ГОРАЛИК. Ты имеешь в виду, получили буквально – доступ к текстам?
ЛЬВОВСКИЙ. Да. Возможность ценностно ранжировать для себя разные способы письма была. Необходимости не было. Они мне представлялись (и представляются) в совокупности таким садом расходящихся тропок, равноценных возможностей. Кто-то сделал более или менее однозначный выбор, а я не справился – возможно, в силу внутренней нерешительности или непоследовательности. Сейчас я могу включить режим сравнительно отстраненной рефлексии и такое ранжирование произвести, но тогда… Книга эта, «Стихи о родине», сейчас, впрочем, не кажется мне удачной, не в последнюю очередь в силу – хочется сказать «эклектичности», но это не она, это, пользуясь совсем современным термином, «мозаичность», некогерентность.
ГОРАЛИК. В каком году она вышла?
ЛЬВОВСКИЙ. В 2004-м, кажется, я не помню, – это все было как-то долго и на последнем этапе мучительно – и, в общем, нельзя не признать, что Айзенберг, курировавший тогда поэтическую серию ОГИ, был прав, что не хотел ее издавать, по крайней мере в таком виде.
ГОРАЛИК. Что с ней не так?
ЛЬВОВСКИЙ. Я пытался прибегнуть к такому способу письма, который был органичен происходившему, но не был органичен мне.
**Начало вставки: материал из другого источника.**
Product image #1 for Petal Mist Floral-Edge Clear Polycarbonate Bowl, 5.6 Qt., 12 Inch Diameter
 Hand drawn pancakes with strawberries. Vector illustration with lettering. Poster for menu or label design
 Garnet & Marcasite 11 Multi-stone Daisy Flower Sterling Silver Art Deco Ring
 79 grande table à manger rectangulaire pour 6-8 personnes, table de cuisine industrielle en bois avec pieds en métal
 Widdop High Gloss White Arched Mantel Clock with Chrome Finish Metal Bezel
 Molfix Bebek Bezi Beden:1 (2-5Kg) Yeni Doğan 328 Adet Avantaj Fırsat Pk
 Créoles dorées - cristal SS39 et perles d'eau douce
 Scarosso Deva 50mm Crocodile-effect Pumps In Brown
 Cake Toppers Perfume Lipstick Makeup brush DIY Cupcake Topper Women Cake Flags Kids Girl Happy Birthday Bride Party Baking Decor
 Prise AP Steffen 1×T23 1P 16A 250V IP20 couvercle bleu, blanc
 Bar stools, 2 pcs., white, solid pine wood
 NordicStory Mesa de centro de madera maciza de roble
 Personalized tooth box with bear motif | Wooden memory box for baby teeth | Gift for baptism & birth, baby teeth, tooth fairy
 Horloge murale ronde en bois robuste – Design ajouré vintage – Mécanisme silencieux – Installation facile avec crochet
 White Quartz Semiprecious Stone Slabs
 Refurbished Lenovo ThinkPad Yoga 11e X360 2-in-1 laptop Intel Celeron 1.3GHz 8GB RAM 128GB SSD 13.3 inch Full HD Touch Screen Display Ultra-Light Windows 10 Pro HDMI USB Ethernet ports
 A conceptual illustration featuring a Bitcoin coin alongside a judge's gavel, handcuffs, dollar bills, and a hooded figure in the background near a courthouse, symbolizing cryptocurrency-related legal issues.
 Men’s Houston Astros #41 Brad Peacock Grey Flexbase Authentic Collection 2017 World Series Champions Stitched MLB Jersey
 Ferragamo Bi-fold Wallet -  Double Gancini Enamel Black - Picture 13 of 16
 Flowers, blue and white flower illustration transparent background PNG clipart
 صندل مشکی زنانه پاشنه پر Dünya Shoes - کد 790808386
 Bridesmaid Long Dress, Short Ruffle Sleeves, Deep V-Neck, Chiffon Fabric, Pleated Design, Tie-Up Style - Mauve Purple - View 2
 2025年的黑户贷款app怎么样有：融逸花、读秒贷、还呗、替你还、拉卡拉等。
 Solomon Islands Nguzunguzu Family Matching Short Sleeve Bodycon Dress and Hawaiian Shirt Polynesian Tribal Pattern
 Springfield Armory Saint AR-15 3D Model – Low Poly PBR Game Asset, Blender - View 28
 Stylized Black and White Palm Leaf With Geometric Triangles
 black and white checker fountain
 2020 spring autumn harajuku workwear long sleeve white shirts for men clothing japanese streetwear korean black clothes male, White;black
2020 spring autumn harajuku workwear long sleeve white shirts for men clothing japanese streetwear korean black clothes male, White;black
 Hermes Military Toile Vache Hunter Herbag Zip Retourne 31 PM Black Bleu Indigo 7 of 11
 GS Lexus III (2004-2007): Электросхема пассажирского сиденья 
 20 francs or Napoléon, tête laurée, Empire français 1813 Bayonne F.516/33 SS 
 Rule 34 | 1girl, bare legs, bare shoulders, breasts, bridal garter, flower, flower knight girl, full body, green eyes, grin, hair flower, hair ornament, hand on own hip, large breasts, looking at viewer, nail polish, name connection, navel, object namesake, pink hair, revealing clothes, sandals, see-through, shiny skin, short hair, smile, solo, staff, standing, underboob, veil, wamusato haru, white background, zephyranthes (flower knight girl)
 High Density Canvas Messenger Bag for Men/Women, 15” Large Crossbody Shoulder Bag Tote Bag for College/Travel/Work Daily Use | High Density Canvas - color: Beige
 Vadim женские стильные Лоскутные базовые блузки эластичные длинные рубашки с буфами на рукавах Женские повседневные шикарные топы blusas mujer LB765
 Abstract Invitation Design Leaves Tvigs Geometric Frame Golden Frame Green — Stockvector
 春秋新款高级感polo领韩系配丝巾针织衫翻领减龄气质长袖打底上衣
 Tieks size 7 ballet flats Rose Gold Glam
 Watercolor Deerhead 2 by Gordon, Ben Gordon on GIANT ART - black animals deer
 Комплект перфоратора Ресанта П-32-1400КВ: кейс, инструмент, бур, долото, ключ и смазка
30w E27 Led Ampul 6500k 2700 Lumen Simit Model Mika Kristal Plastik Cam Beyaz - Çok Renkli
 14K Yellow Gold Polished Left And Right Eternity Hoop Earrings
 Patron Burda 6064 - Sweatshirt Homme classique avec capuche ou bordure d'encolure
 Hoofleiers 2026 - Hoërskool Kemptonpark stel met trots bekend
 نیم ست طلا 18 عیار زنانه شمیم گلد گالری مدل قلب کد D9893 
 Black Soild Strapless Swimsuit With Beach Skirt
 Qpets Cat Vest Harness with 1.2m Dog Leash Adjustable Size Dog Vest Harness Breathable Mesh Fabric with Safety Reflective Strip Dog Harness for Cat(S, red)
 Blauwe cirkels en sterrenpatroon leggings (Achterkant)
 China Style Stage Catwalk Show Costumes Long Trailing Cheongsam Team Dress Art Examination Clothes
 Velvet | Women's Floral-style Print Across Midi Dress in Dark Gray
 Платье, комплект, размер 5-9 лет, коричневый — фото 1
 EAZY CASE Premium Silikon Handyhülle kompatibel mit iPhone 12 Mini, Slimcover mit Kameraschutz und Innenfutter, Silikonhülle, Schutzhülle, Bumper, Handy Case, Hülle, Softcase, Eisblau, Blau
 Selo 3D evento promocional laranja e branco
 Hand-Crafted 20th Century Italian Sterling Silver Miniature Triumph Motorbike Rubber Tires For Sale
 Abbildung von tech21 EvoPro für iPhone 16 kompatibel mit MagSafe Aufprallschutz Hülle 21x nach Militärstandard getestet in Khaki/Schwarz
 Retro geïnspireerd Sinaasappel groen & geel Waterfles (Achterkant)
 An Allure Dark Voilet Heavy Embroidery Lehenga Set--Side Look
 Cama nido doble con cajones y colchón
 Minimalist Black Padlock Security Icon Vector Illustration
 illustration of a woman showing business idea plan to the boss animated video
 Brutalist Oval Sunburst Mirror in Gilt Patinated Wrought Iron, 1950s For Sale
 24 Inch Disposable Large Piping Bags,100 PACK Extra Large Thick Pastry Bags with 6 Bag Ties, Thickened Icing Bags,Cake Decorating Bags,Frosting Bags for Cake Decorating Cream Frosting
Там есть тексты, которые я очень люблю, – ну, сколько-то, но в целом… Можно, наверное, сказать, и что «не кажется цельной», но это не совсем про то. Мне вот именно в этом случае совсем сложно сейчас понять, в чем было дело. То есть я догадываюсь – но бог с ним.
Зато из нее стало понятно, что, с одной стороны, монтаж раешного стиха и чистого vers libre для меня как-то внутренне вполне органичен, а с другой – что это надо делать иначе, скорее в рамках одного текста, а не в рамках корпуса. Потому что корпус – долгое дело, а состояния – быстрое.